**Given information**

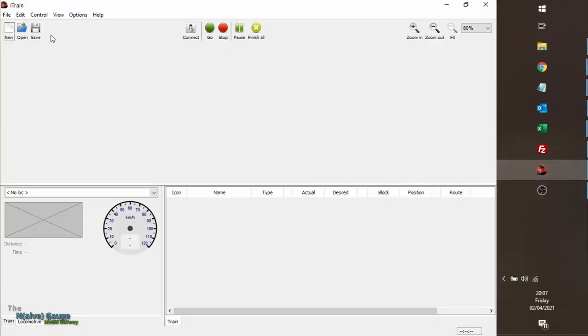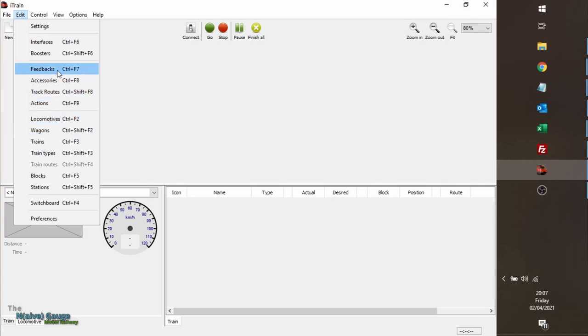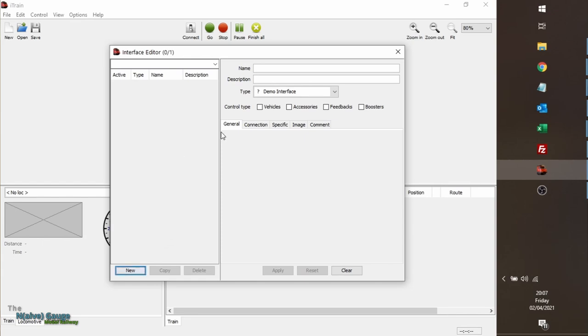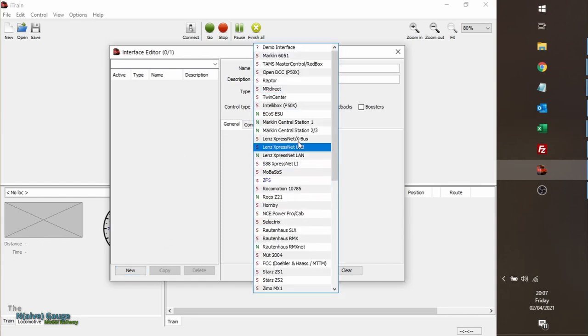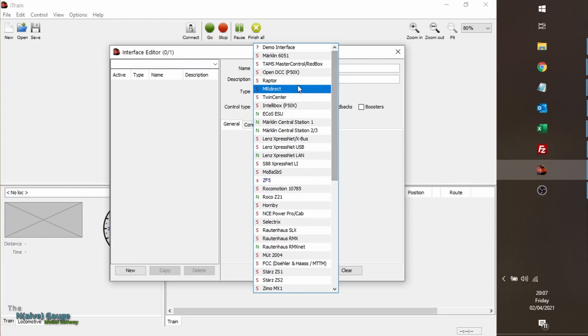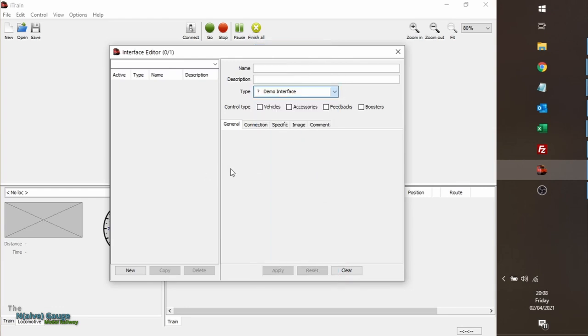I played around a bit with iTrain before, and also Train Controller, but I wanted to try and get set up so that my layout was working properly with iTrain and see what it could do for me. I knew the first thing I had to do was to try to connect it to the system, and I do that by going to Interfaces to add my controller, which is a Digitrax controller. I'm looking for Digitrax and I can't find it, but Digitrax uses LocoNet - maybe it's LocoNet - but I can't find that either.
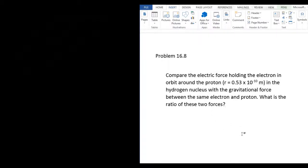Chapter 16, Problem 8 says: Compare the electric force holding the electron in orbit around the proton in the hydrogen nucleus with the gravitational force between the same electron and proton. What is the ratio of these two forces? They tell us that the radius between an electron and a proton in a hydrogen atom is 0.53 times 10 to the negative 10 meters.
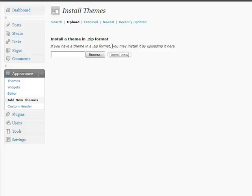After you've installed it, after you've uploaded it, all you have to do is activate it, and your theme's all set to go. And that's basically how you install a new theme on your blog.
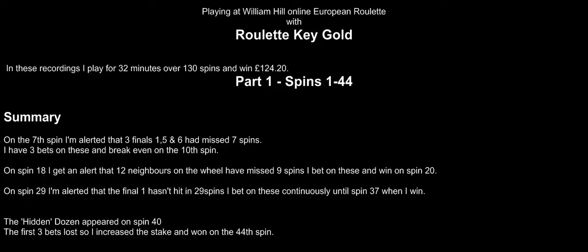I'm playing for 32 minutes, which covers 130 spins, and I win £124.20. This isn't the practice table, this is real money. It's not euros, it's pounds.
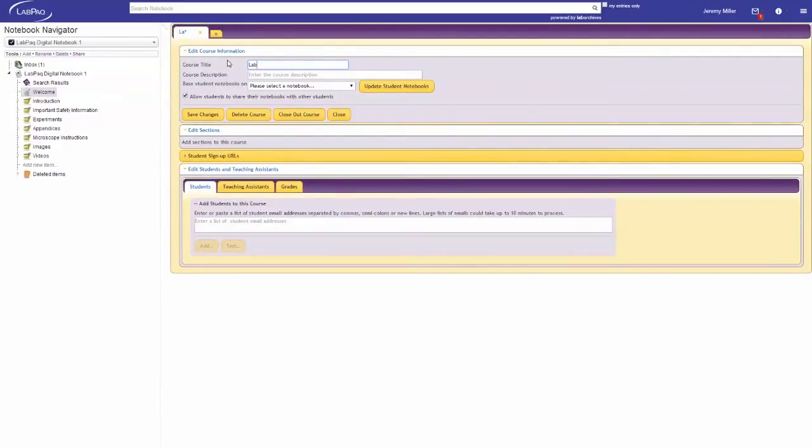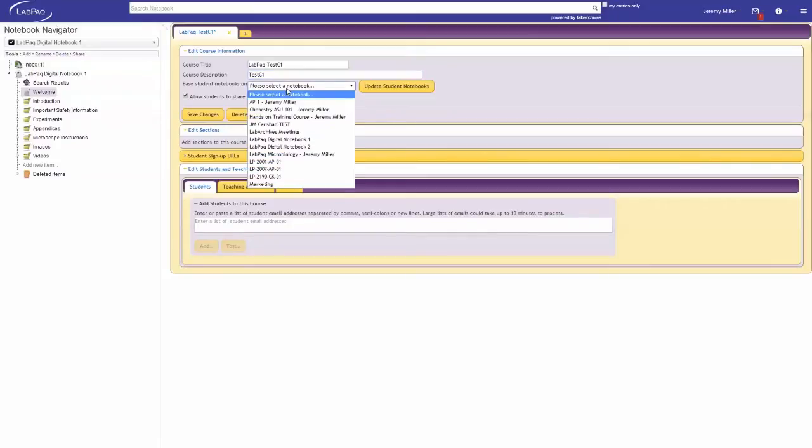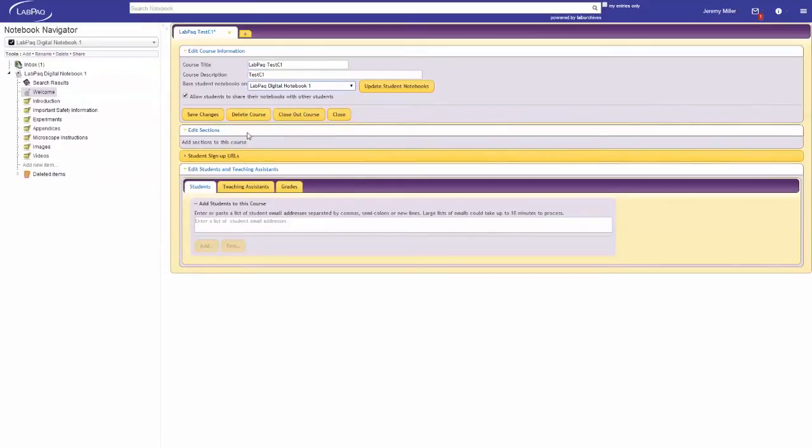Next you'll enter a course title and a course description. You may use the LMS course identification number or you can choose to use your master notebook or any notebook you have in your LabPack Digital Notebook account or simply select our default notebook. The notebook you choose is what each student will have access to.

**Work item**
Return exactly, and only, the lines that run from the line containing "I'm playing for" to the last line of the entries above, both ends included, with pictures left out.

**Solution to this exercise**
I'm playing for 32 minutes, which covers 130 spins, and I win £124.20. This isn't the practice table, this is real money. It's not euros, it's pounds.
Next you'll enter a course title and a course description. You may use the LMS course identification number or you can choose to use your master notebook or any notebook you have in your LabPack Digital Notebook account or simply select our default notebook. The notebook you choose is what each student will have access to.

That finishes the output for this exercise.